■ **TRY IT**:
Type the records that follow again exactly as written, but drop the pictures.

══════════════════════════════

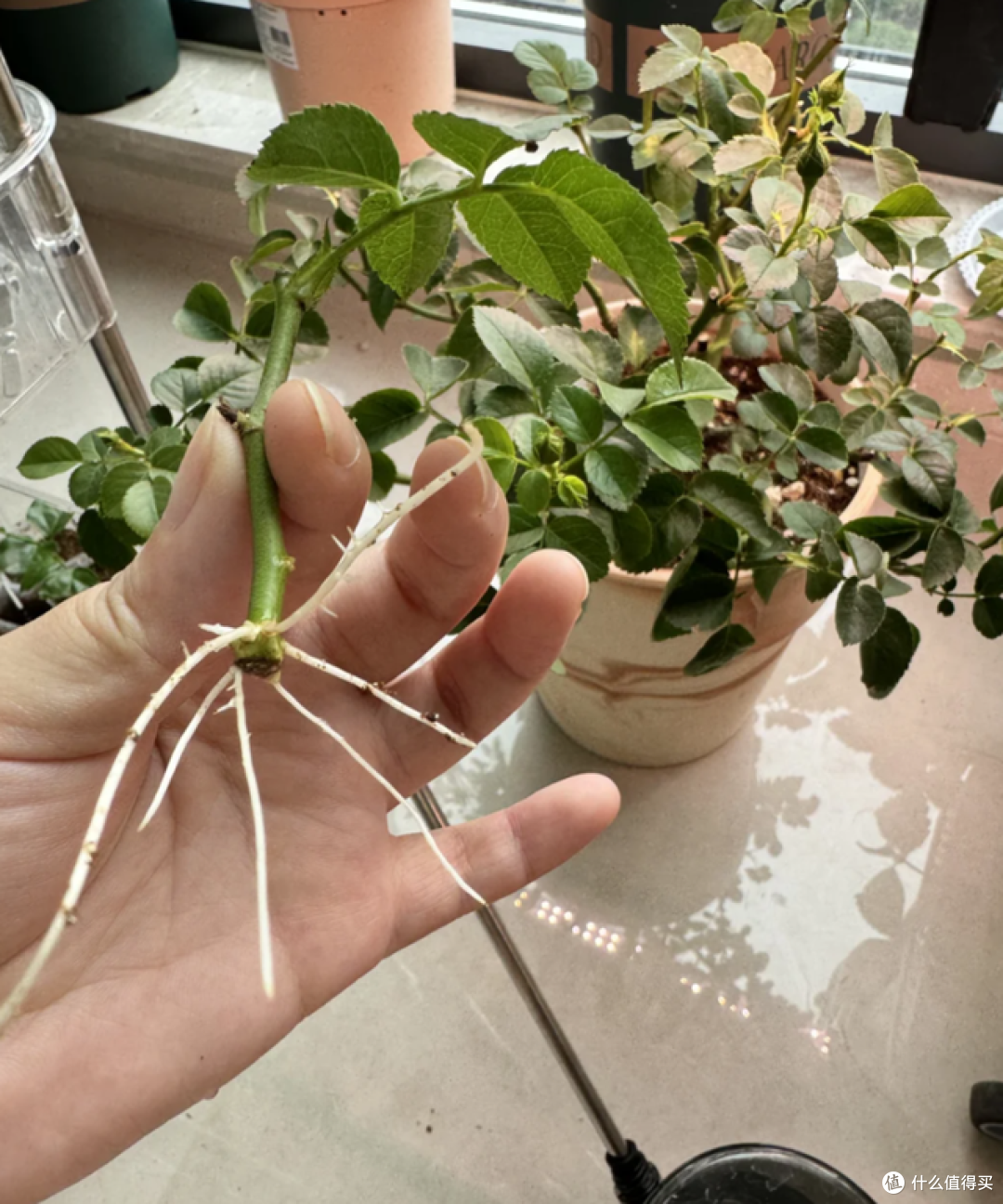 这7种花“沾土就活”，趁着4月，建议大家多种一些，开花太美了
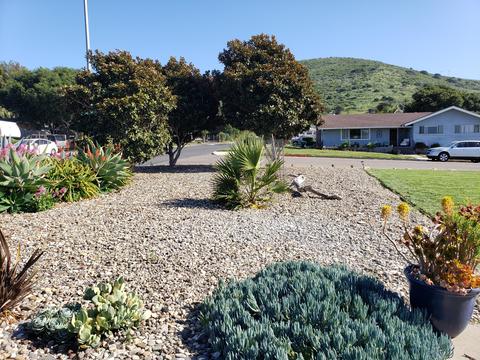 515 E Fir Ave, Lompoc, CA 93436 photo 27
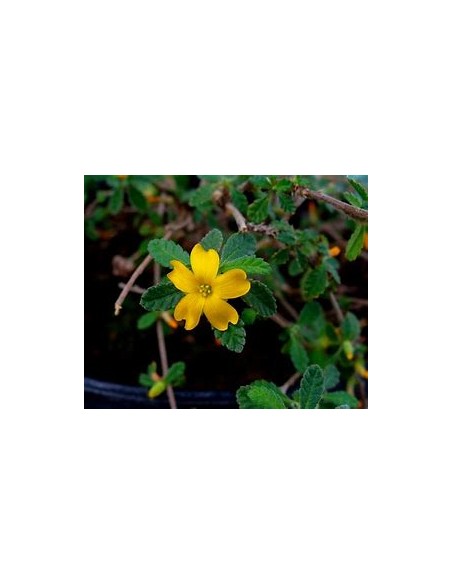 1 Turnera Difussa Plant Online Nursery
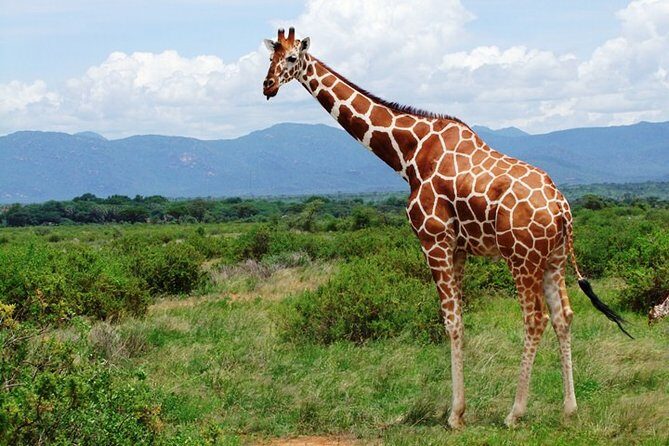 1 Day Shimba Hills starting from Diani Beach. - An In-Depth Look at the Shimba Hills Tour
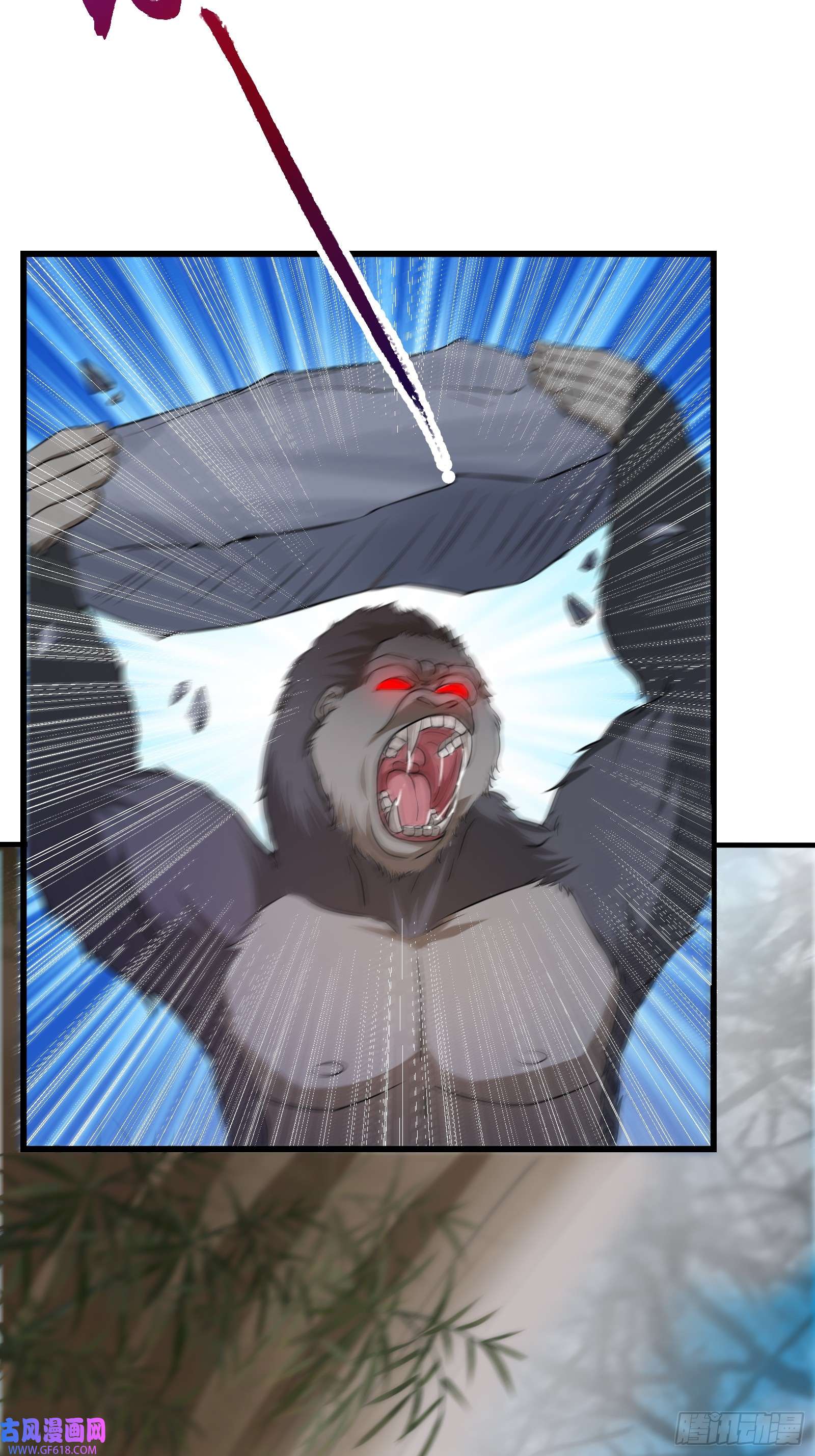 41.jpg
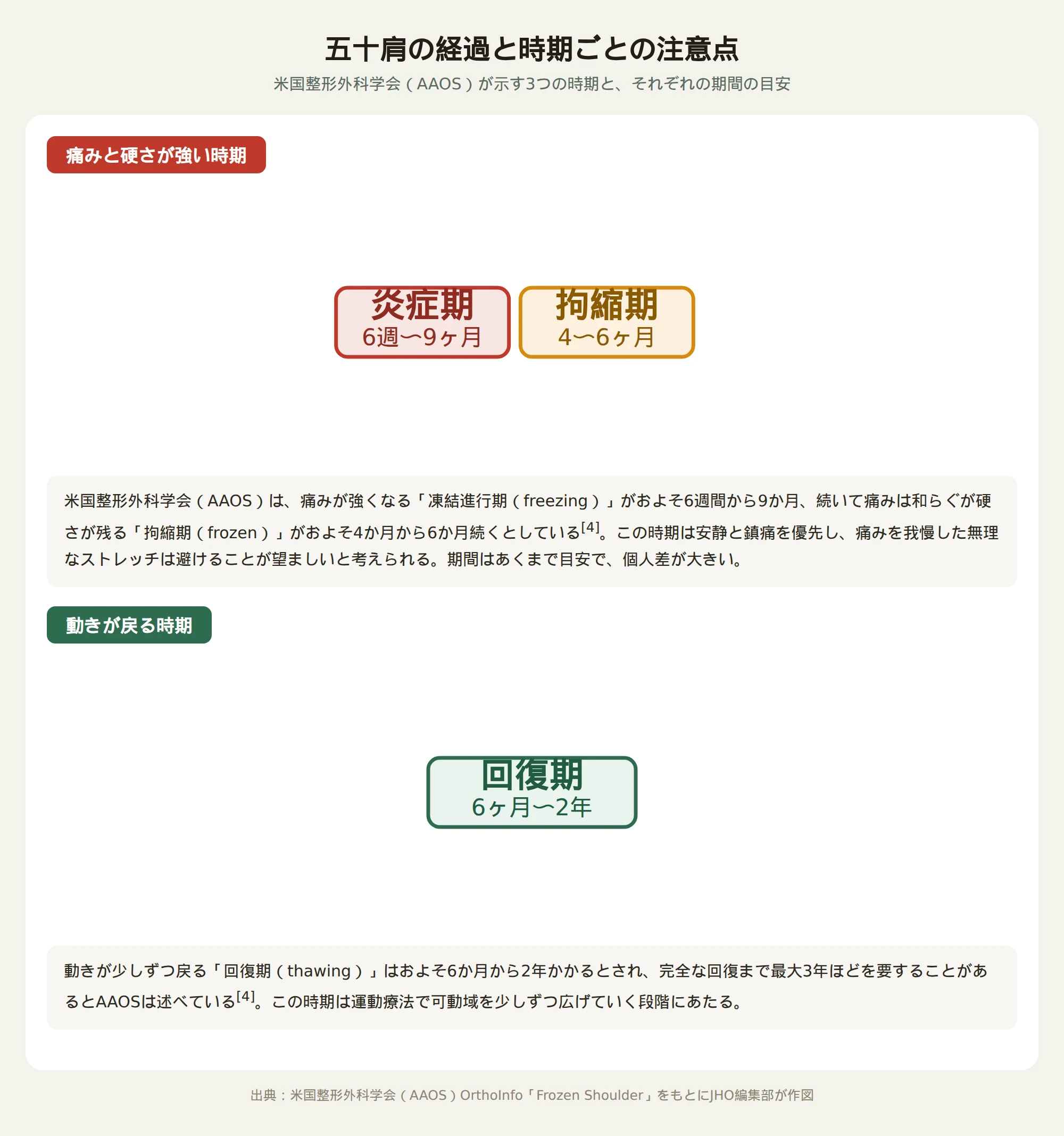 米国整形外科学会が示す五十肩の経過を、痛みと硬さが強い時期（炎症期・拘縮期）と動きが戻る時期（回復期）に分け、それぞれの期間の目安とあわせて示す図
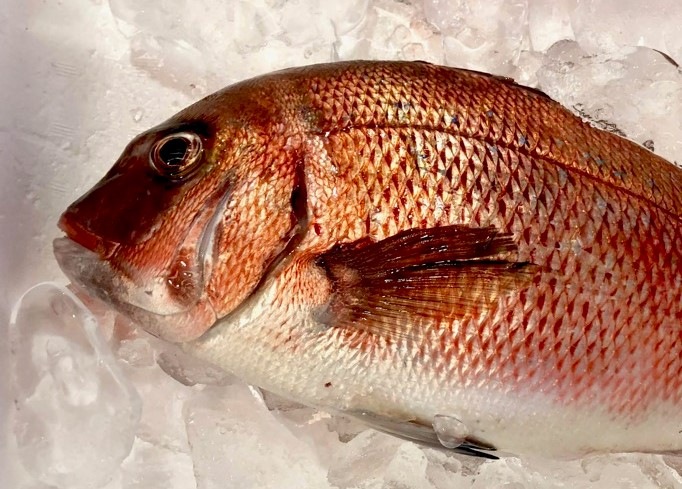 ���� �褭���� 2��(1����1.5kg) �ɿ��ѡ������� �� ���ĸ������¨��ȯ�� ���ޤ���λԾ� �衺���꡼�� �� ���ٽŻ롢��̣���㤤�ޤ� ����¢�ء�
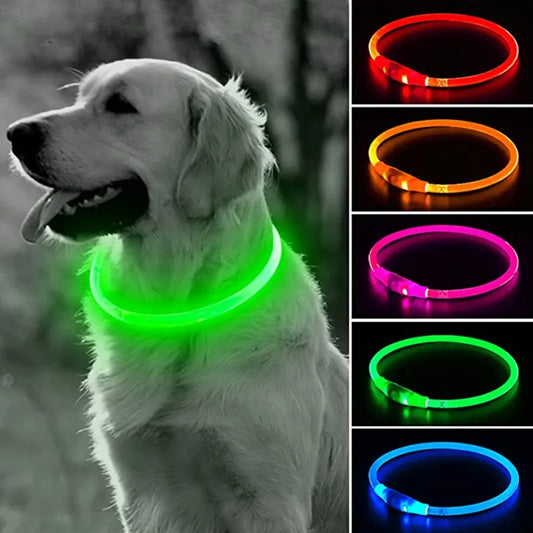 Hunde LED Halsband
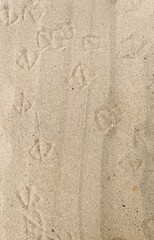 bird tracks on the beach
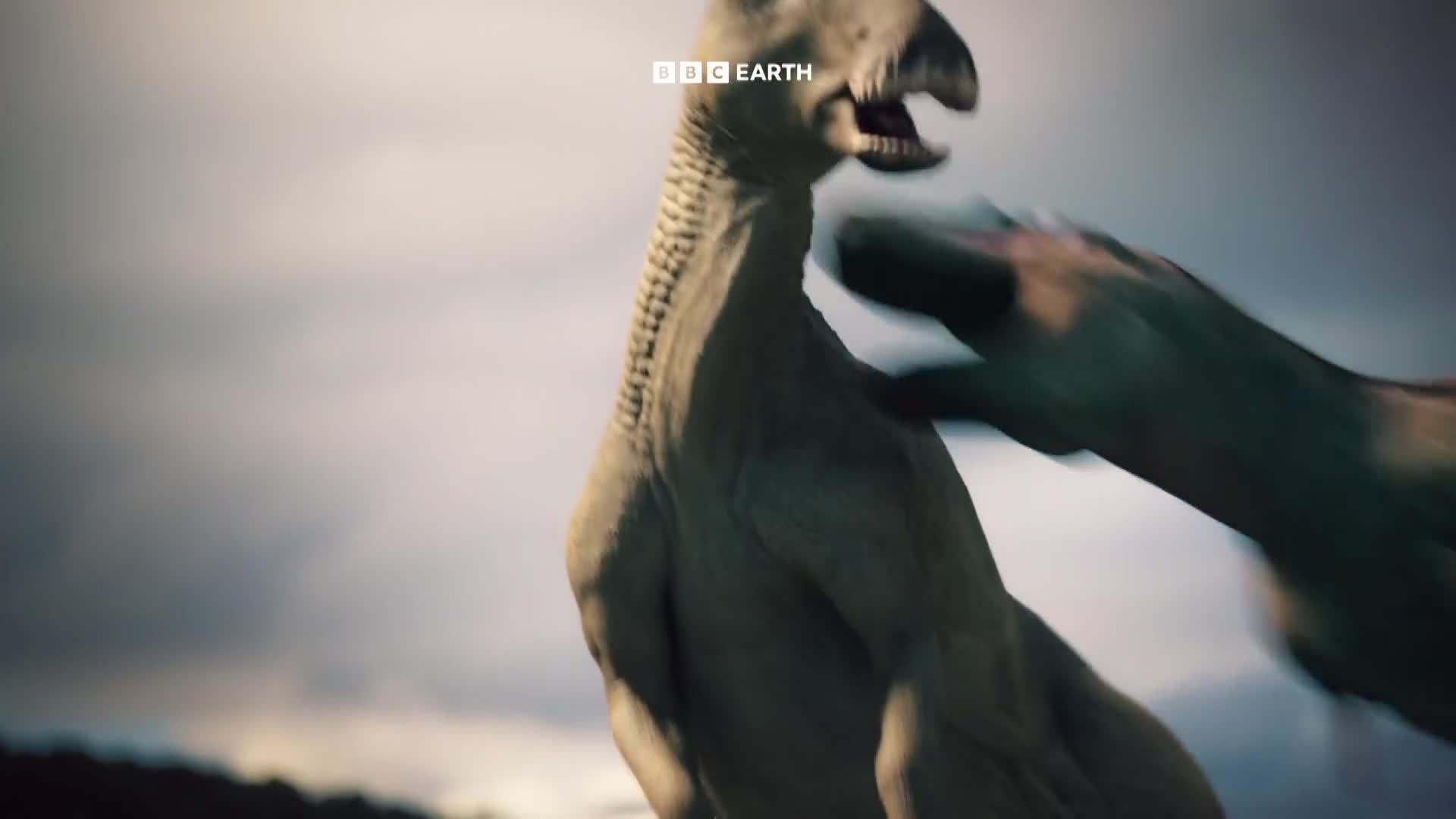 BBCEarth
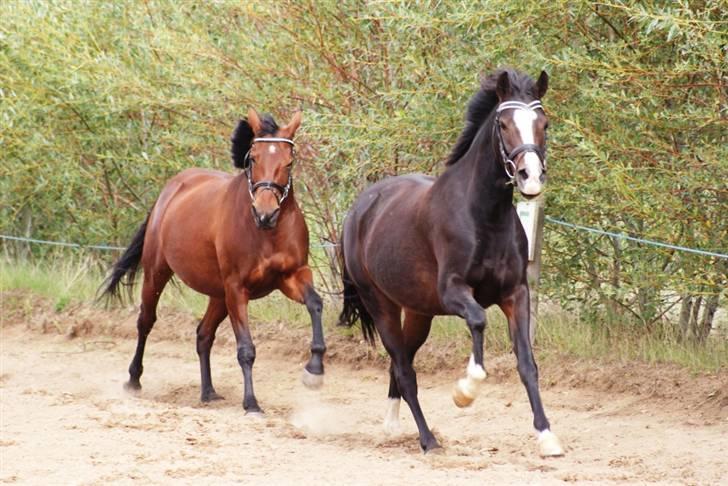 Mine ponypiger <3 12-9-08 billede 9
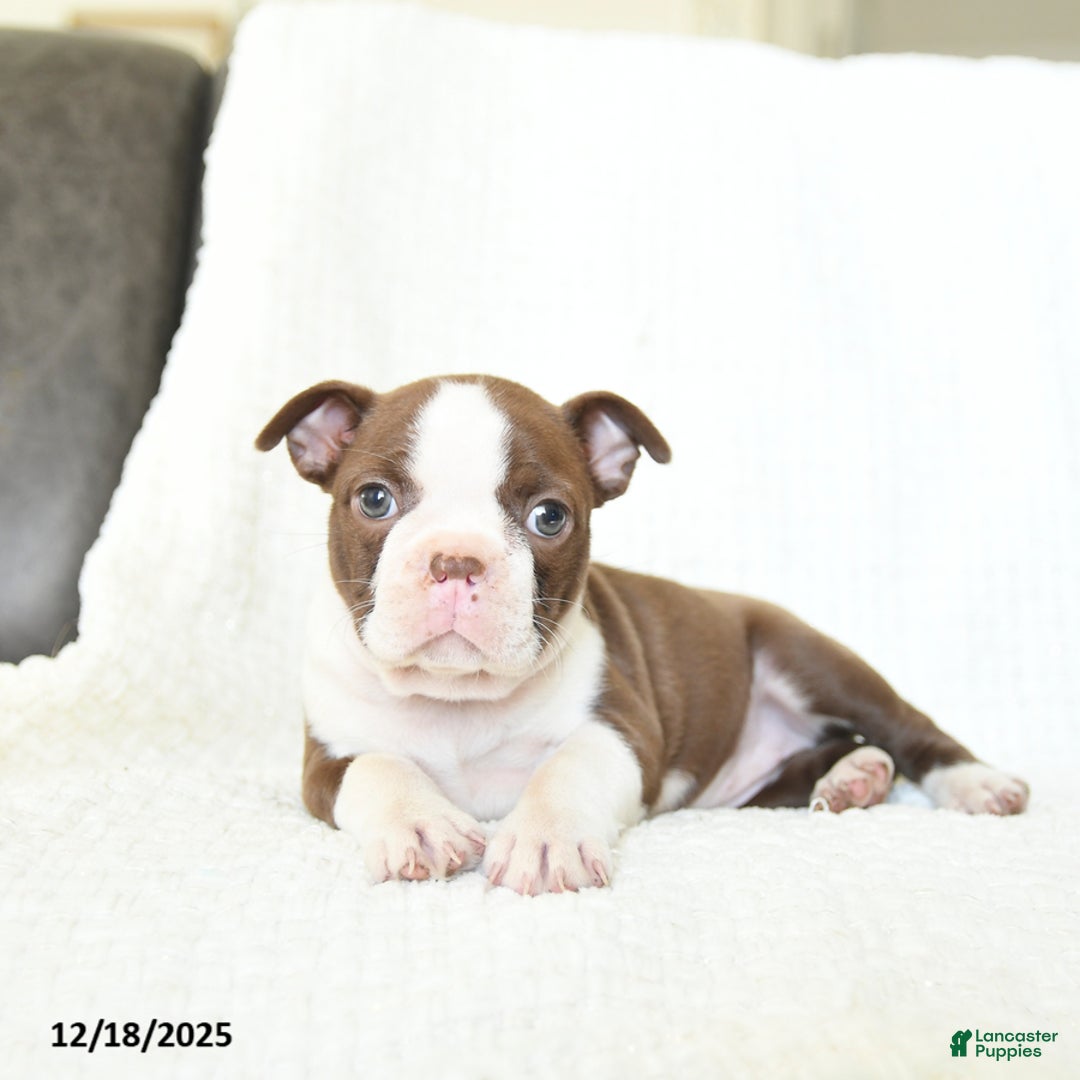 Boston Terrier dogs for sale: Crumble - Ad 2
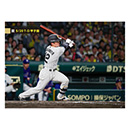 ブロマイド 5/20 T-D No.1　12坂本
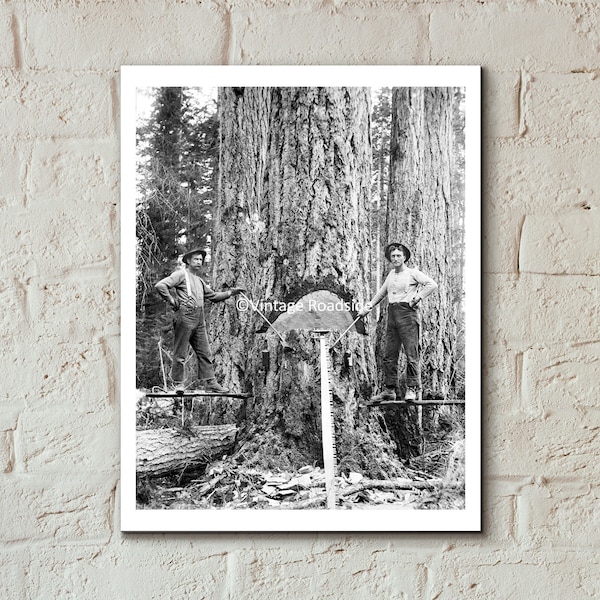 Vintage Logging Photo, Print from Original Circa. 1915 Glass Plate Negative, Logger Photography, Carlsborg Timber Company, Forestry
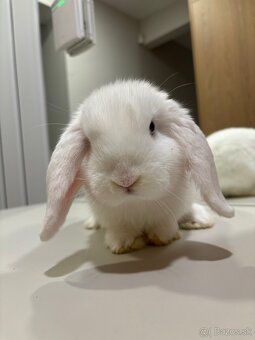 OČKOVANÉ huňaté Minilop králiky -BIOvýživa, odborný chov, VP - 8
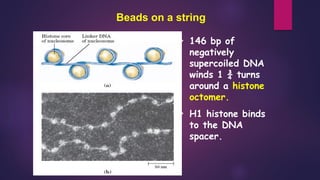 Beads on a string
• 146 bp of
negatively
supercoiled DNA
winds 1 ¾ turns
around a histone
octomer.
• H1 histone binds
to the DNA
spacer.
 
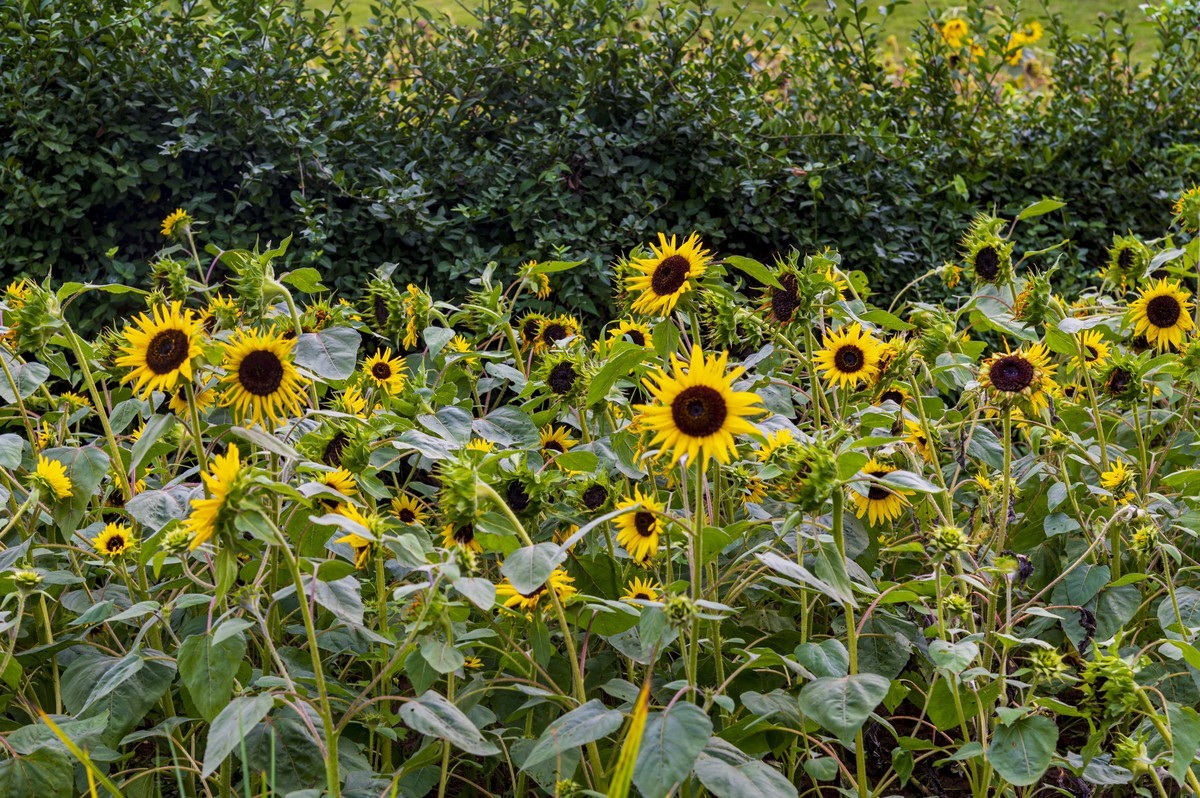 庐州印记（185）四季花海城市花园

══════════════════════════════

■ **SOLUTION TO THIS PROBLEM**:
 这7种花“沾土就活”，趁着4月，建议大家多种一些，开花太美了
 515 E Fir Ave, Lompoc, CA 93436 photo 27
 1 Turnera Difussa Plant Online Nursery
 1 Day Shimba Hills starting from Diani Beach. - An In-Depth Look at the Shimba Hills Tour
 41.jpg
 米国整形外科学会が示す五十肩の経過を、痛みと硬さが強い時期（炎症期・拘縮期）と動きが戻る時期（回復期）に分け、それぞれの期間の目安とあわせて示す図
 ���� �褭���� 2��(1����1.5kg) �ɿ��ѡ������� �� ���ĸ������¨��ȯ�� ���ޤ���λԾ� �衺���꡼�� �� ���ٽŻ롢��̣���㤤�ޤ� ����¢�ء�
 Hunde LED Halsband
 bird tracks on the beach
 BBCEarth
 Mine ponypiger <3 12-9-08 billede 9
 Boston Terrier dogs for sale: Crumble - Ad 2
 ブロマイド 5/20 T-D No.1　12坂本
 Vintage Logging Photo, Print from Original Circa. 1915 Glass Plate Negative, Logger Photography, Carlsborg Timber Company, Forestry
 OČKOVANÉ huňaté Minilop králiky -BIOvýživa, odborný chov, VP - 8
 Beads on a string
• 146 bp of
negatively
supercoiled DNA
winds 1 ¾ turns
around a histone
octomer.
• H1 histone binds
to the DNA
spacer.
 
 庐州印记（185）四季花海城市花园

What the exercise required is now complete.